I have a camera connected to a cortex-A9 OMAP4 board. The video v4l2 frames are allocated in the 3.4 kernel with:
static int vb2_dc_mmap(void *buf_priv, struct vm_area_struct *vma)
{
struct vb2_dc_buf *buf = buf_priv;
if (!buf) {
printk(KERN_ERR "No buffer to map\n");
return -EINVAL;
}
vma->vm_page_prot = pgprot_noncached(vma->vm_page_prot);
return vb2_mmap_pfn_range(vma, buf->dma_addr, buf->size,
&vb2_common_vm_ops, &buf->handler);
}
I have also tested:
vma->vm_page_prot = pgprot_writecombine(vma->vm_page_prot);
I have a complex post-processing assembly Neon-based algorithm running on each frame.

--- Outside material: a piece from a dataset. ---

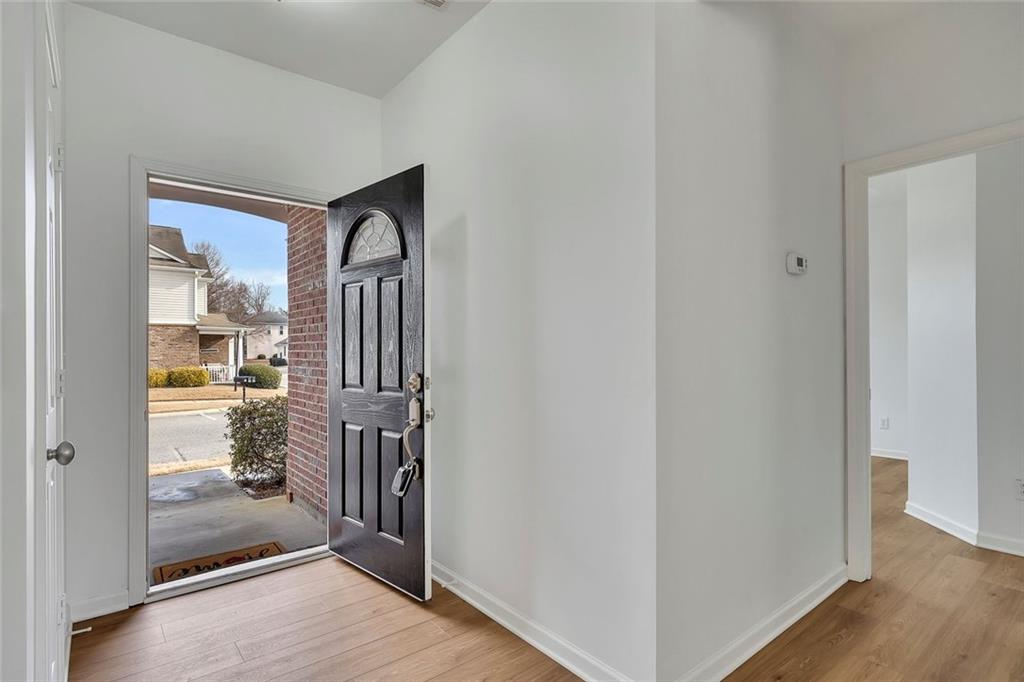 3972 Cutler Donahoe Way Cumming, GA 30040 - Photo 7 of 46 a view of a hallway with wooden floor and a livingroom
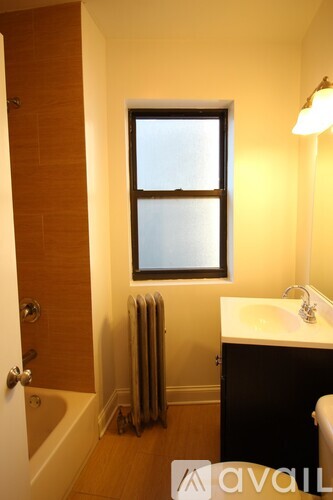 A bathroom with a window, sink, and towel rack.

It accesses the frame through a standard v4l2 architecture with:
mmap(NULL, buf.length, PROT_READ | PROT_WRITE, MAP_SHARED, camera->fd, buf.m.offset);
Performance of this optimized algorithm is the following:
x ms: user-space malloc allocation of a fake frame (reference)
10*x ms: kernel allocation with pgprot_noncached
4*x ms: kernel allocation with pgprot_writecombine
x ms: kernel allocation with no pgprot call
The problem is that if I don't do any pgprot_*, I have some very strange noise, aka. a few consecutive black pixels randomly in the video. The noise disappears upon some specific circumstances when all allocated memory ranges are accessed.
Last, if I simply do a memcpy while memory has been allocated with the original pgprot_noncached, there doesn't seem to be any performance issue but I can't afford to add a memcpy.
How can I fix this situation, aka. get a kernel memory allocation without any noise and that is as good as a user-space malloc.
The neon code does a lot of vld1.u8 and vst1.u8 with different increments.
For reference, the solution was to invalidate and flush the memory region (outer_inv_range and outer_flush_range).